Exercise inputs:
┄┄┄┄┄┄┄┄┄┄
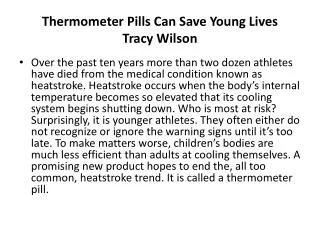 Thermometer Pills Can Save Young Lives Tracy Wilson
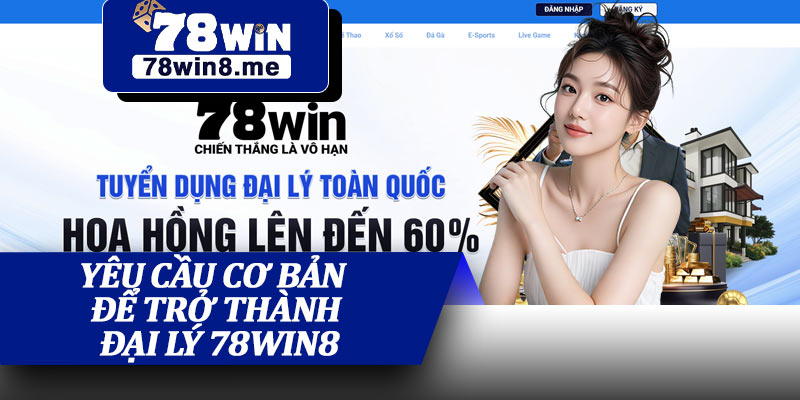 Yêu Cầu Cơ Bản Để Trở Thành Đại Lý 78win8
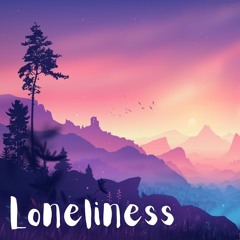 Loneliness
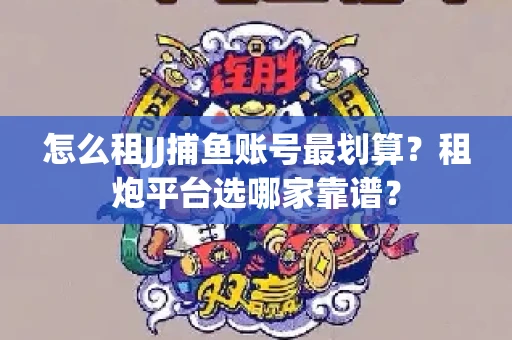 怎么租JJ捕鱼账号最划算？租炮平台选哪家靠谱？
┄┄┄┄┄┄┄┄┄┄
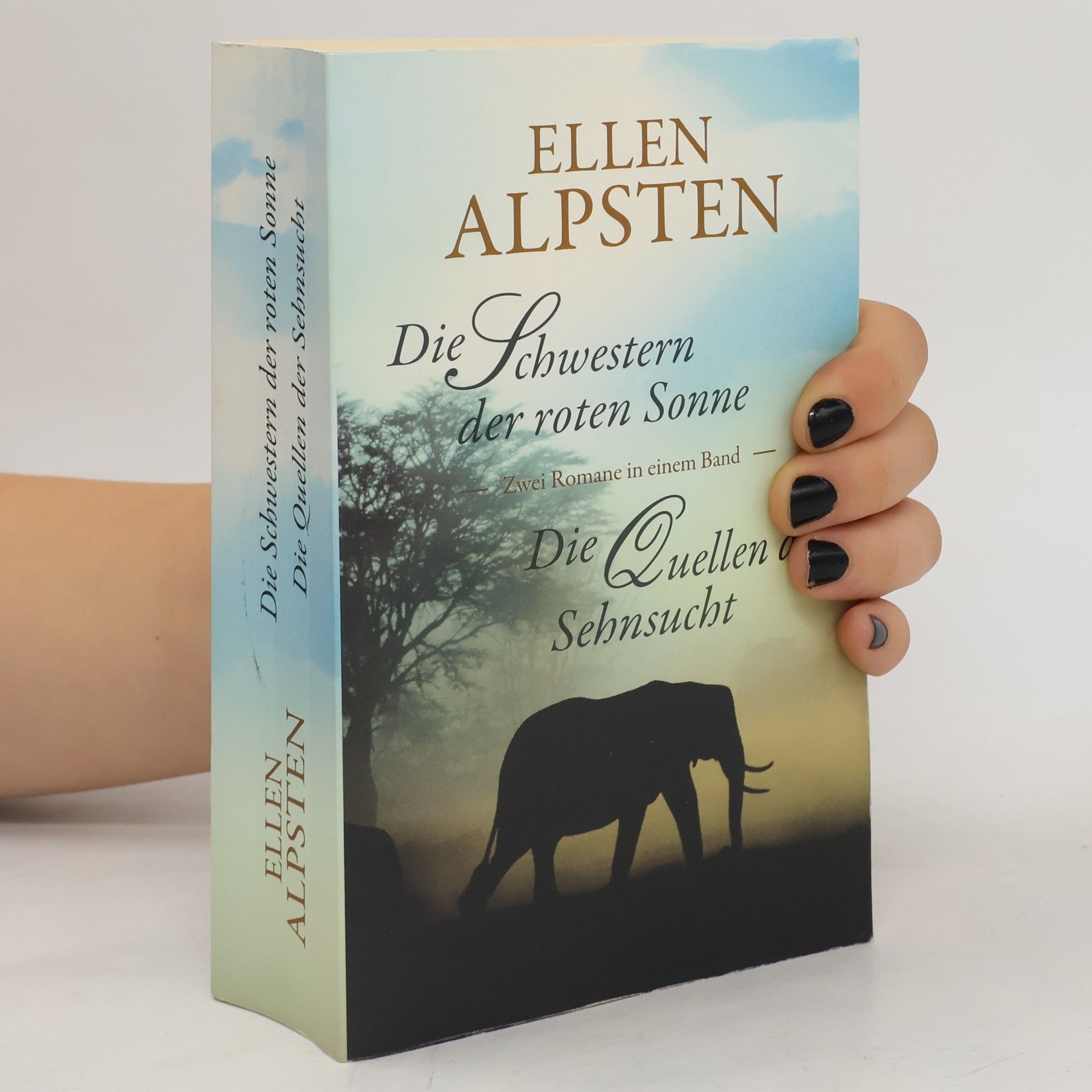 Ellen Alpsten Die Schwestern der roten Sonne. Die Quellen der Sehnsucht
┄┄┄┄┄┄┄┄┄┄
What you need to do: Give back exactly, and solely, the section of the data above bounded by the line containing "Thermometer Pills Can" and the line containing "怎么租JJ捕鱼账号最划算？租炮平台选哪家靠谱？", both bounding lines included and pictures omitted.

The answer:
 Thermometer Pills Can Save Young Lives Tracy Wilson
 Yêu Cầu Cơ Bản Để Trở Thành Đại Lý 78win8
 Loneliness
 怎么租JJ捕鱼账号最划算？租炮平台选哪家靠谱？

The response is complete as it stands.